There may be those in your family or friends who need to speak about matters of the heart before you leave this world. These are moments that you can go ahead and embrace as part of the meaningful journey you are on at the moment.  The song by John Mayer “SAY” expresses this well, 

Say what you need to say

Have no fear for givin’ in

Have no fear for givin’ over

You better know that in the end

It’s better to say too much

Than to never say what you need to say again

Say what you need to say

Say what you need to say

Say what you need to say

Say what you need to say

Even if your hands are shakin’

And your faith is broken

Even as the eyes are closin’

Do it with a heart wide open

A wide heart

Say what you need to say

Say what you need to say

Now is not the time to hold back on how you feel. Remember that love is stronger than hate and do what you can to mend the hearts, including your own.

Lean on Others

Let your family and friends know what is going on. Many who keep their illness a secret only hurt themselves and their loved one. Grieving a death is easier for the family when they can have time to process their feelings a bit before you go. This also gives them a chance to make things right that may be bothering them or to make sure you know how they feel. We are all made differently, but not giving your family this chance to say goodbye can be painful for the rest of their lives. 

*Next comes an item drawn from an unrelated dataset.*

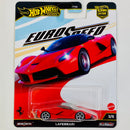 2025 Hot Wheels Car Culture Eurospeed Ferrari LaFerrari rojo Llantas de Goma RR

In letting others know about your illness, you are also letting others know that you need a support network now more than ever. It is ok to lean on others during this time. The people who love you will want to be a part of supporting your journey healthwise and emotionally as you face the end of this life on earth.

Think about Your Plans

Make sure that you have written a will and have the proper advance directives in place for when or if you become incompetent or incapacitated. Also be sure that the beneficiaries listed on any retirement accounts match the beneficiaries listed in your will. If the account are different than your will, the beneficiary designation on the account will overrule your will and can cause family conflict if the beneficiary won’t do as your will states. 

The same kind of problem can be found in any bank accounts or homes you own jointly with right-of-survivorship. These accounts and properties are inherited automatically by the other owner upon your death. That owner does not have to honor your will if it is different. Speak with an attorney and make sure your affairs are in order.

Preplan your Funeral

Go ahead and check out a preplanning page at a funeral home website. There are many things you can go ahead and do to help your family best honor your wishes. Renaissance Funeral Home offers pre-planning that includes either cremation, traditional burial, or green burial.

Renaissance also honors funeral traditions such as Hindu, Buddhist, or Catholic funerals. A pre-plan involves planning music, flowers, types of services and where they will be, who will speak, etc. You can even pre-pay for exactly what you have in mind. Check out the offerings at Renaissance and start your preplan today HERE.

Planning your funeral or memorial is another way to talk with your family and spend meaningful time with them discussing your lives together, your dreams, visions, and plans for their future. 

Seek Out Professionals

Funeral directors, grief counselors, hospice care workers, pastors or clergy, and others spend a lifetime studying death and grief and working with those affected by death. There are many who want to help make your journey toward the end of this life less stressful and more calm and meaningful for yourself and others. Many focus on releasing emotional pain or physical pain through talking about your fears or prayer. Others may focus on medicating to find relief. 

There is no right way to take the last bit of your life journey, but there are ways to make the last lap of your journey meaningful to you and your loved ones. Reach out to professionals for ways to make your end journey of life not only tolerable, but also full of love and peace.